DATASET ENTRIES:

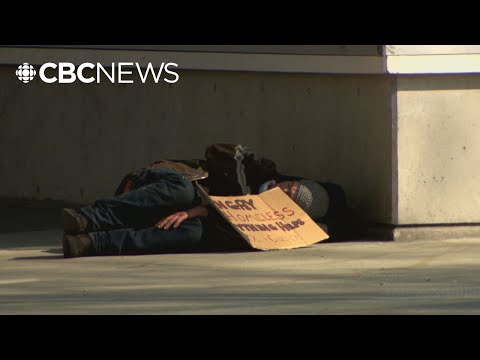 Homelessness across Metro Vancouver hits all-time high, count reveals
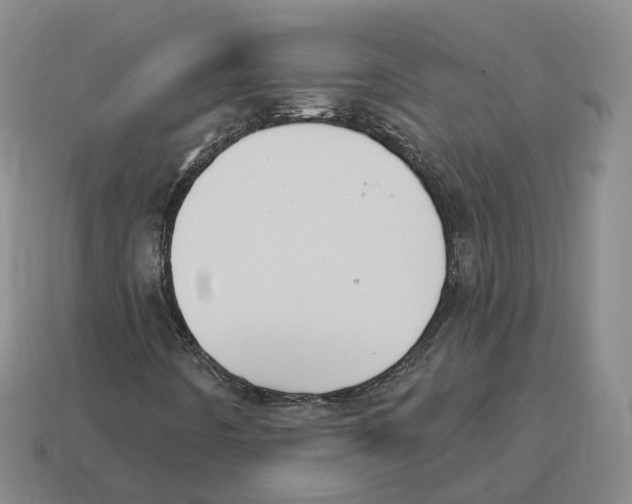 X0000114241442200911061538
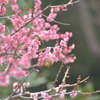 芝公園で、撮りました。 メジロ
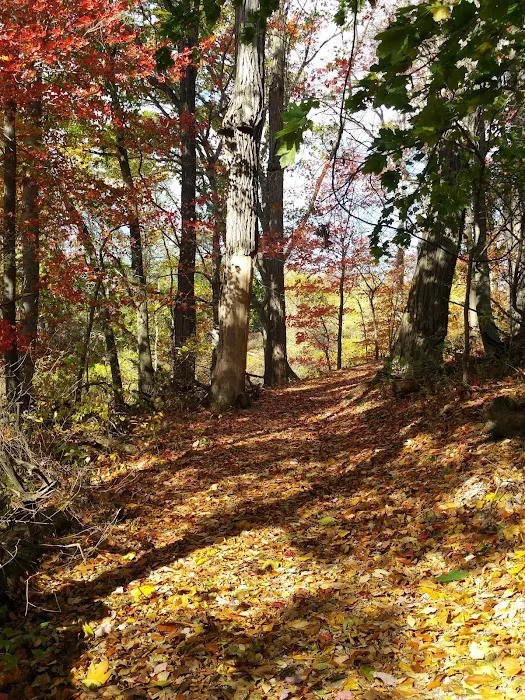 Crawbuckie Park Picture 6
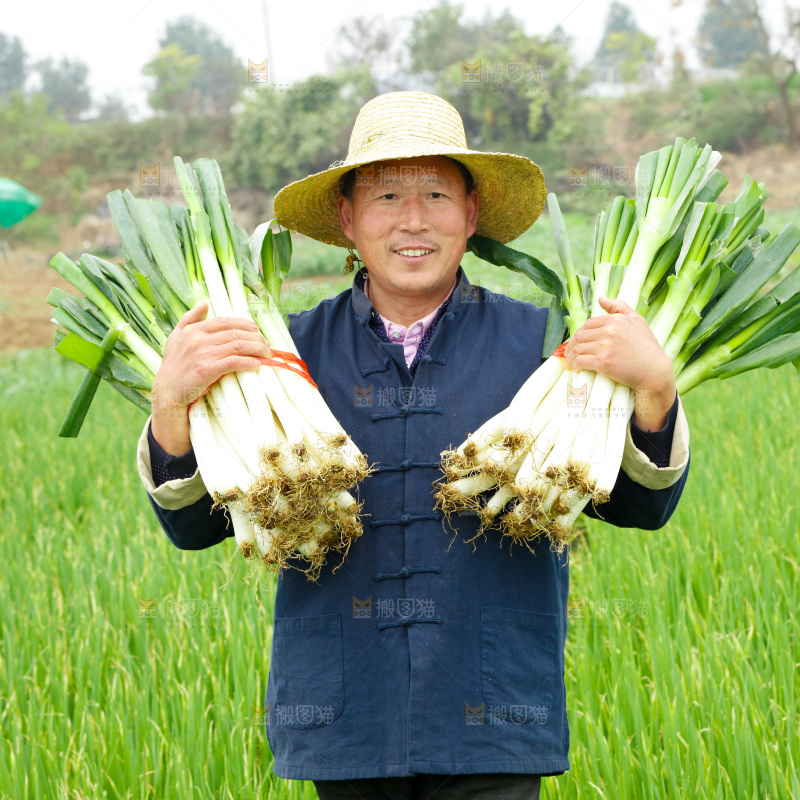 农民手里拿着大葱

EXERCISE GOAL:
Output the whole listing without change. Any picture is to be left out.

ANSWER TO THE EXERCISE:
 Homelessness across Metro Vancouver hits all-time high, count reveals
 X0000114241442200911061538
 芝公園で、撮りました。 メジロ
 Crawbuckie Park Picture 6
 农民手里拿着大葱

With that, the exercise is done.